The movement to bring State sales tax across the board to Internet retailers got an important endorsement this week as President Barack Obama "enthusiasticlly endorsed" the efforts by Senator Harry Reid (D-NEVADA) to push the Marketplace Fairness Act forward at a breakneck pace – according to The Hill. Senators advanced the bill in a 74-20 procedural vote on Monday evening, one vote less than it received in a test vote last month. Twenty-six Republicans joined Democrats in moving forward with the bill. The Senate will now begin the debate on amendments, with a full vote happening later in the week.
"We have heard overwhelmingly from governors, mayors and the business community on the need for federal legislation to level the playing field for our businesses and address sales tax fairness," White House press secretary Jay Carney said.
The legislation, backed by the National Retail Federation (who has long sought to "even the playing field" on sales tax which online retailers have enjoyed and brick and mortar retailers can not avoid), would allow states to tax online purchases.
But not everyone is so enthusiastic about the new plan to bring taxes to online retailers:eBay is asking its customers to let the Senate know they don't like the idea of adding taxes to their online purchases, and the Securities Industry and Financial Markets Association and the Financial Services Roundtable said that the measure could pave the way for financial transaction taxes on the state level, an idea that scares Wall Street.
"It’s important for Congress to explore all the possible outcomes and costs of the proposal, especially the impact on consumers," Scott Talbott, the senior vice president of public policy for the Roundtable, said in a statement. "A transaction tax on financial services products will hurt retail investors, retired Americans, and small businesses, effectively making it more expensive for them to invest and plan for the long-term. Without hearings, these implications and others will not be properly addressed."
The proposal has the support of a host of governors, including Republicans Chris Christie of New Jersey, Rick Snyder of Michigan and Bob McDonnell of Virginia, according to The Hill.

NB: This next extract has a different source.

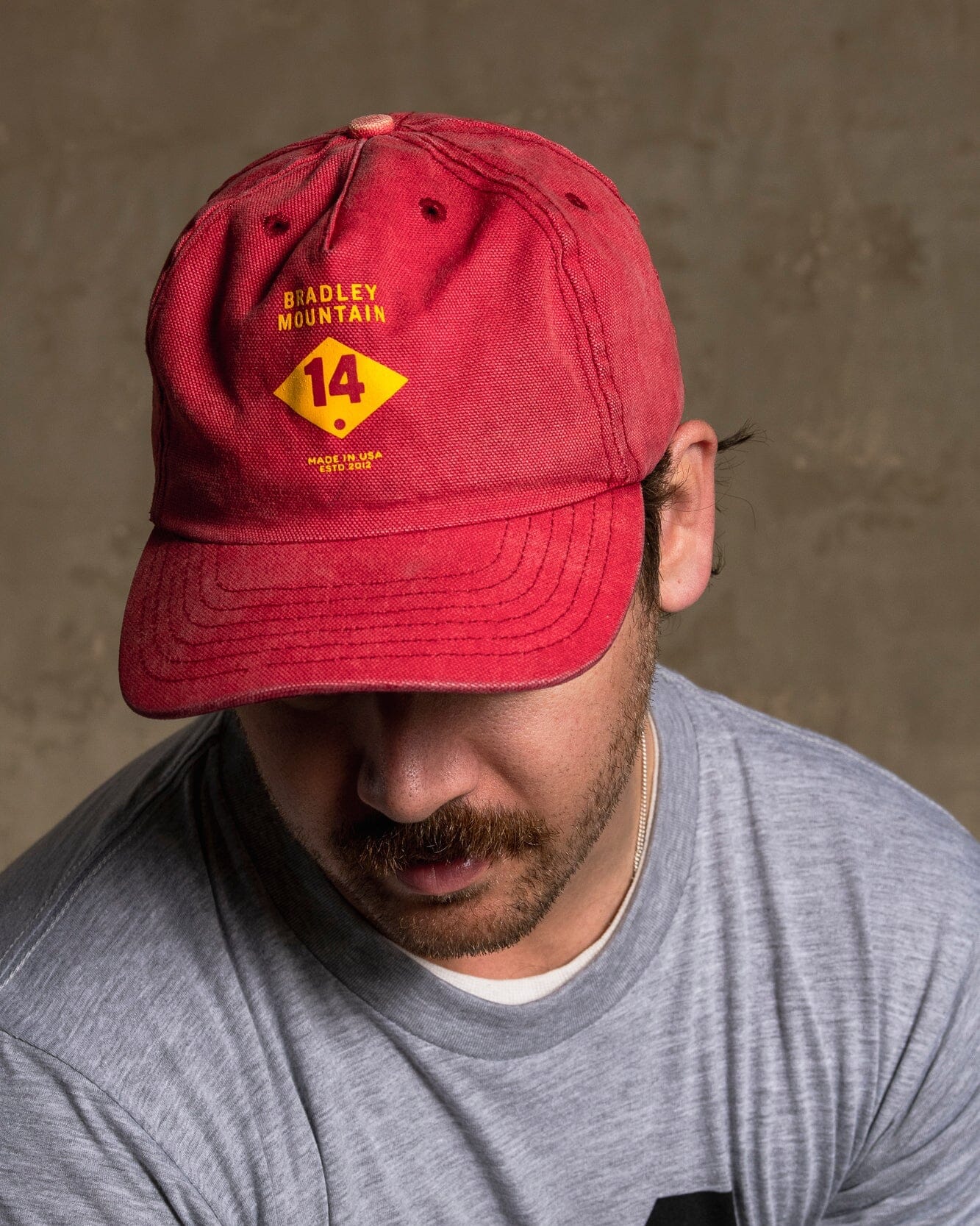 14 Year Garage Hat - Washed Red Bradley Mountain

Some Senators are asking Harry Reid to slow down on this bill including Sens. Kelly Ayotte (R-N.H.), Ron Wyden (D-Ore.), Jon Tester (D-Mont.), Jeanne Shaheen (D-N.H.), Marco Rubio (R-Fla), Mike Lee (R-Utah) and Ted Cruz (R-Texas). They sent a letter to Reid on Monday urging him to delay the legislation. They warned the Senator that the bill would “erode” states’ rights and “result in crippling compliance costs on small Internet businesses.”
"At the very minimum, we believe these concerns warrant a thorough vetting of the bill through regular order," they wrote.
Sen. Max Baucus (D-Mont.), the chairman of the Finance Committee, criticized Reid for bypassing his committee, which has jurisdiction over taxes.
"This bill is not ready for debate on the Senate floor. It has not been completely thought through. It is full of unintended consequences that could seriously harm America’s small businesses," Baucus said.
Sens. Dick Durbin (D-Ill.), Lamar Alexander (R-Tenn.) and Mike Enzi (R-Wyo.) are Senate co-sponsors of the legislation.